Publisher | Keymaster Games |
Design Credits | Mattox Shuler |
Art, Graphics Credits | Josh Emrich |
Game Contents | Clash-O-Meter, five player tokens, five round/win markers, five Creeples, five 10-card Creature Decks, 31 Mortals cards, rules |
Guidelines | Groupthinking mortal-collection horror card game |
MSRP | $24.99 |
Reviewer | Andy Vetromile |
Saturday night means game night to many players; in the world of late-night TV it means feeding time for your average movie monster. Now with Keymaster Games’ Campy Creatures, one needn’t choose between a horror video and a game: You get an unhealthy dose of both.
The object is to score the most points by the end of three rounds.
Two to five players portray the forces of evil, though they probably don’t see themselves that way. They likely think of themselves as the forces of eating Pittsburgh or something. Everyone gets an identical hand of cards while one Mortal card per player creeps out of another deck, to be scattered faceup in the middle of the table. Everyone secretly chooses a monster card and reveals simultaneously.
Critters are rated for strength, 0 – 8, and the cards are the same from one person to the next, so for example everyone’s Vampire has the same strength and special ability.
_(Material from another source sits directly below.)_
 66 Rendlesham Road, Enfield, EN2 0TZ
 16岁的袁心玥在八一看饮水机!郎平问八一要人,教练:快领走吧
The highest card gets first pick of the victims and everyone else chooses in descending order. Victims aren’t all the same, though: Some are worth points, some may score negative points, and some require set collection. The Engineers provide points if one has an even number of them by the end of the round and the Teenagers don’t score anything unless you collect the most.
The course of true horror never did run smooth, though, and a monster’s ability might turn events in the game on their head. The Swamp Creature may only have strength 1 but he gives away whatever Mortal he secures that turn – a good card to play if you think you’re about to get stuck with a negative-point capture. The Blob lets you wait to see what others will play . . . but only if no one uses The Vampire to cancel that special ability. If ever there’s a tie (as there so often must be when everyone’s playing the same card values as their enemies), it’s broken by whoever is atop the tube-like Clash-O-Meter. Everyone has a curved little player identifier that sits neatly inside this cardboard “cylinder,” and if they win a tie their token falls to the bottom of the test-tube. They won’t be winning the next deadlock . . .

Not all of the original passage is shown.